I’ve worked on a few API operations maintaining our metadata holdings.
One thing I worked on was using the API to synchronise metadata holdings between Aristotle (our master) and Cloudera Navigator in a Data Lake environment (mirror containing only a subset of Aristotle’s holdings).
To do this, I used graphQL to gather all the information I needed about a group of distributions of interest.
- With a nominated list of distribution UUID’s, call graphQL to get from each distribution a complete list of:
- Data Elements contained therein
- Value Domains of each Data Element
- Permissible Values of that Value Domain if applicable
- For each distribution, generate a json file compatible with the Cloudera Navigator API.
- FTP the json files to a Unix server which has access to Cloudera.

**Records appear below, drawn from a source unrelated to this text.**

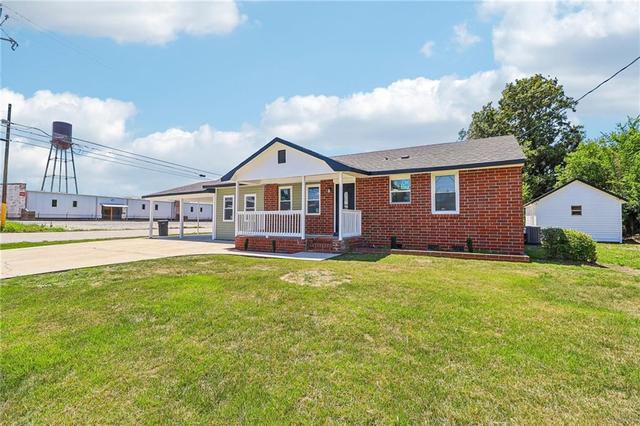 New Homes For Sale This Week That Attend Monte Sano Elementary School: July 3rd to July 9th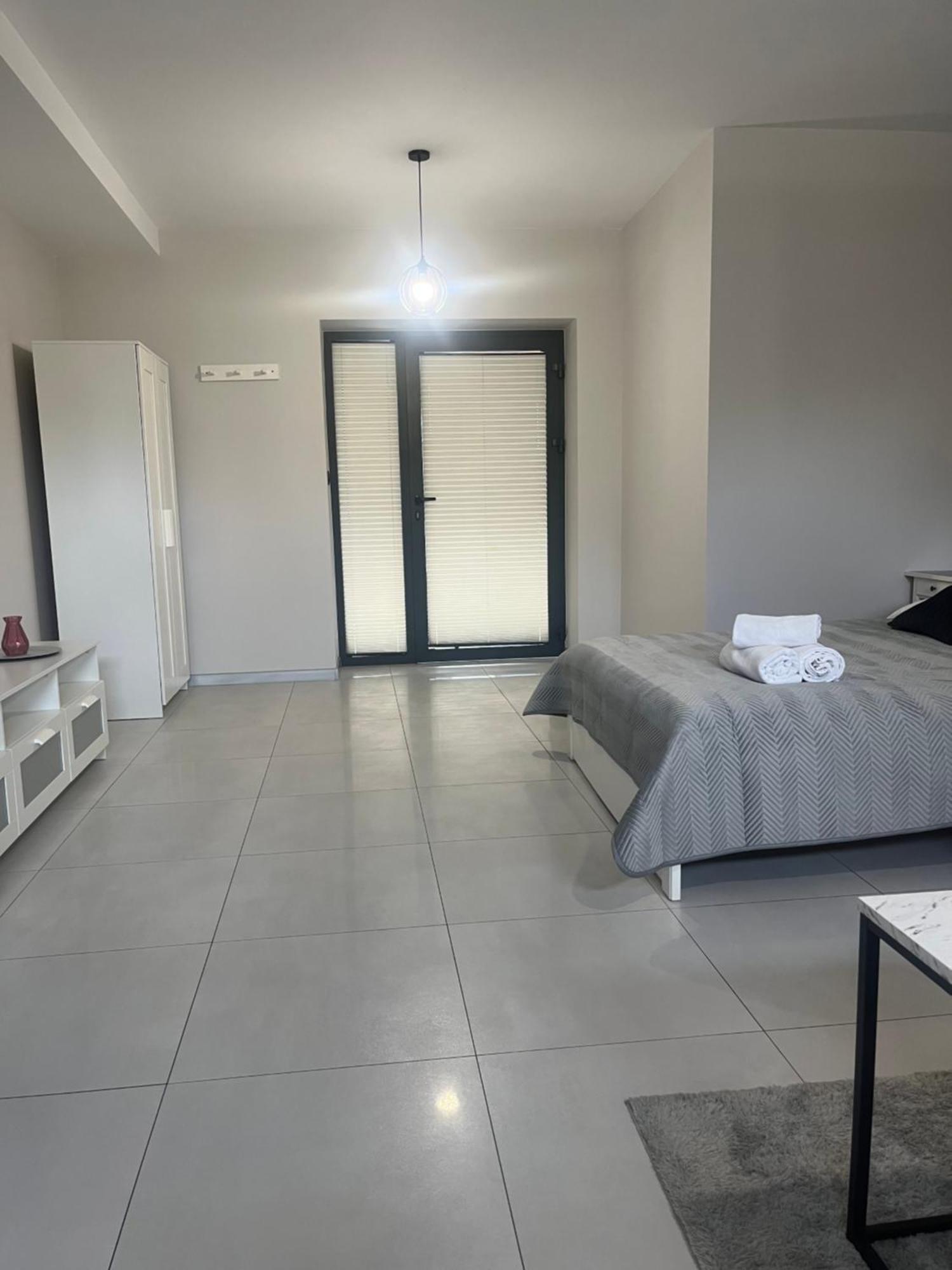Apartamenty Na Blichu - Noclegi Energylandia Zator Kültér fotó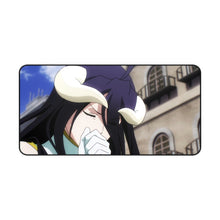 Load image into Gallery viewer, Albedo (Overlord) Mouse Pad (Desk Mat)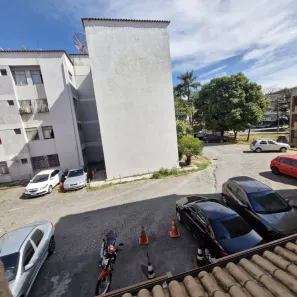 Apartamento com 2 Quartos à venda, 65m² no Riacho das Pedras, Contagem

- BASH script on the unix server calls the Cloudera Navigator restful API and store each json file containing all the new Aristotle data.
As far as technologies go, to invoke graphQL in Aristotle I’m just using VBA.
To load JSON files into Cloudera, I’m using a BASH script invoked from a Unix machine.
Are you interested in examples of the graphQL query I call to gather distribution/dataelement/valuedomain information?
Other things I’ve worked are aimed at making maintaining metadata within Aristotle a little easier. For example, we had to consolidate two identical value domains that were linked to a large number of data elements. It made no sense to have two separate value domains, and it would be painful to use the Aristotle UI to click through every link and merge one into the other. So I just wrote a few API calls to discover all the links that need updating, and make the changes (swapping the old value domain for the new). Similar routines swap data elements within distributions and so on. But this isn’t about integration with legacy systems, just maintenance.
Hope this is useful. If there’s something more specific that I can go into detail with, just let me know.